The economy is expected to grow by 2 - 2.6 per cent in real terms, an increase of 0.3 percentage points over the previous projection, the Central Bank of Malta said in its revised projections for 2006.

The Central Bank was commenting in the third issue of its Quarterly Review for 2006, which analyses economic and financial developments both in Malta and abroad during the second quarter of 2006.

The projected increased in the anticipated economic growth reflects an upward revision in domestic demand growth and a higher estimate of inventory accumulation, which are partly offset by a reduction in projected exports, the Bank said.

Compared to a previous projection, the forecast for both private and government consumption expenditure has been raised.

Meanwhile, increased inventory levels and investment are expected to contribute to faster import growth. The Bank's inflation projection is revised marginally upwards on account of further increases in the international price of oil during the summer, the Central Bank said.

The Review observes that after raising the central intervention rate by 25 basis points to 3.50 per cent in May, the Bank considered its monetary policy stance to be appropriate to support the fixed exchange rate in ERM II.

The Bank's external reserves expanded during period under review, mainly boosted by receipts of privatisation proceeds.

However, the tightening stance of monetary policy abroad in the late summer months led to a narrowing of the short-term interest rate differential in favour of the lira. In the light of these developments and expectations of a further increase in official euro interest rates, the Bank reappraised its monetary policy stance and raised the central intervention rate by 25 basis points to 3.75 per cent at the end of October.

In its assessment of monetary developments, the Review notes that the annual growth rate of broad money slowed down to 3.6 per cent in June from 4.3 per cent three months earlier, with both narrow money and intermediate money aggregates decelerating. Domestic credit contracted in the second quarter of 2006, as a sizeable drop in net claims on the central government was only partly offset by a rise in private sector credit.

Meanwhile, in the financial market, short-term interest rates continued to rise in the second quarter, in line with official rates. Over the same period the Malta Stock Exchange share index fell sharply.

Turning to the performance of the economy, the Review observes that in the June quarter growth was slightly slower than in the preceding quarter. Second-quarter real GDP rose by 2.2 per cent on a year-on-year basis, as against 3.1 per cent in the March quarter.

Growth was mainly generated by a build-up in inventories and higher consumption expenditure. In contrast, both net exports and investment were lower. The manufacturing sector continued to expand in the June quarter, mainly as a result of higher exports of electronics, pharmaceuticals and food. In the tourism sector, although the number of visitors declined, both the length of stay and expenditure increased.

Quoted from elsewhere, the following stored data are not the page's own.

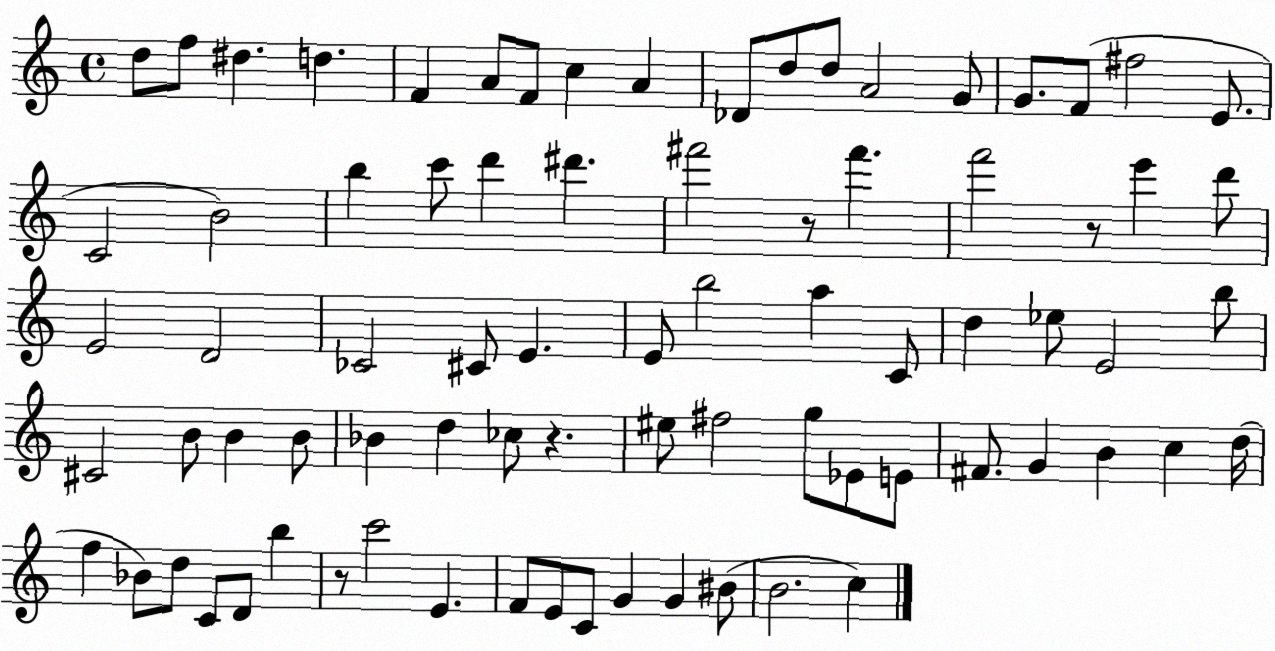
X:1
T:Untitled
M:4/4
L:1/4
K:C
d/2 f/2 ^d d F A/2 F/2 c A _D/2 d/2 d/2 A2 G/2 G/2 F/2 ^f2 E/2 C2 B2 b c'/2 d' ^d' ^f'2 z/2 ^f' f'2 z/2 e' d'/2 E2 D2 _C2 ^C/2 E E/2 b2 a C/2 d _e/2 E2 b/2 ^C2 B/2 B B/2 _B d _c/2 z ^e/2 ^f2 g/2 _E/2 E/2 ^F/2 G B c d/4 f _B/2 d/2 C/2 D/2 b z/2 c'2 E F/2 E/2 C/2 G G ^B/2 B2 c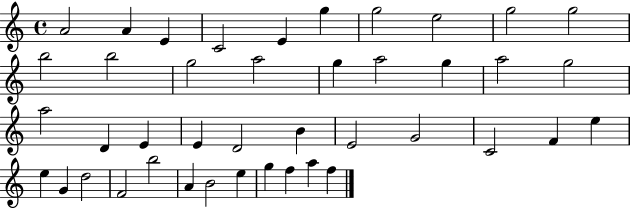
{
  \clef treble
  \time 4/4
  \defaultTimeSignature
  \key c \major
  a'2 a'4 e'4 | c'2 e'4 g''4 | g''2 e''2 | g''2 g''2 | \break b''2 b''2 | g''2 a''2 | g''4 a''2 g''4 | a''2 g''2 | \break a''2 d'4 e'4 | e'4 d'2 b'4 | e'2 g'2 | c'2 f'4 e''4 | \break e''4 g'4 d''2 | f'2 b''2 | a'4 b'2 e''4 | g''4 f''4 a''4 f''4 | \break \bar "|."
}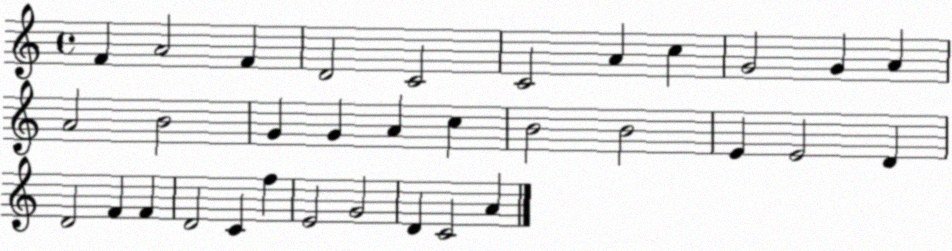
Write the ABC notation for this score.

X:1
T:Untitled
M:4/4
L:1/4
K:C
F A2 F D2 C2 C2 A c G2 G A A2 B2 G G A c B2 B2 E E2 D D2 F F D2 C f E2 G2 D C2 A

Inflation accelerated in the second quarter, primarily reflecting higher energy prices.

The 12-month moving average inflation rate edged up to 2.9 per cent in June from 2.6 per cent in March. Similarly, the 12-month moving average RPI rate rose to 3.1 per cent in June from 2.9 per cent three months earlier.

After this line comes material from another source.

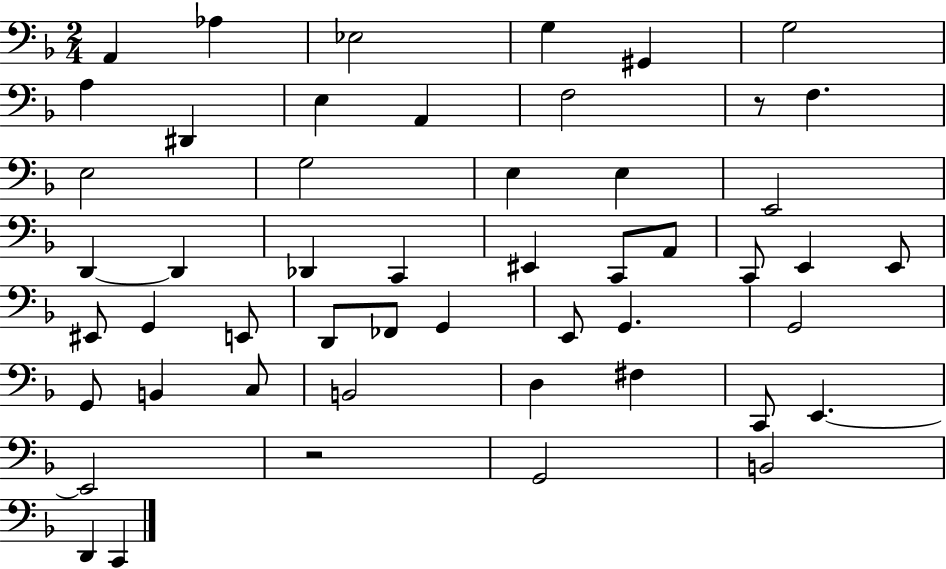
A2/q Ab3/q Eb3/h G3/q G#2/q G3/h A3/q D#2/q E3/q A2/q F3/h R/e F3/q. E3/h G3/h E3/q E3/q E2/h D2/q D2/q Db2/q C2/q EIS2/q C2/e A2/e C2/e E2/q E2/e EIS2/e G2/q E2/e D2/e FES2/e G2/q E2/e G2/q. G2/h G2/e B2/q C3/e B2/h D3/q F#3/q C2/e E2/q. E2/h R/h G2/h B2/h D2/q C2/q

In the labour market, employment rose in the second quarter, while the unemployment rate fell marginally to 7.7 per cent. Administrative records compiled by the Employment and Training Corporation also showed a drop in the number of registered unemployed in the period under review so that the unemployment rate stood at 4.8 per cent at the end of June.

The Bank's latest Business Perceptions Survey, carried out between July and August 2006, showed a small improvement in firms' expectations about the general economic situation in the following six months. This was mainly driven by better sentiment among export-oriented firms. In terms of their own performance, most respondents were anticipating a pick-up in order books and activity levels in the fourth quarter.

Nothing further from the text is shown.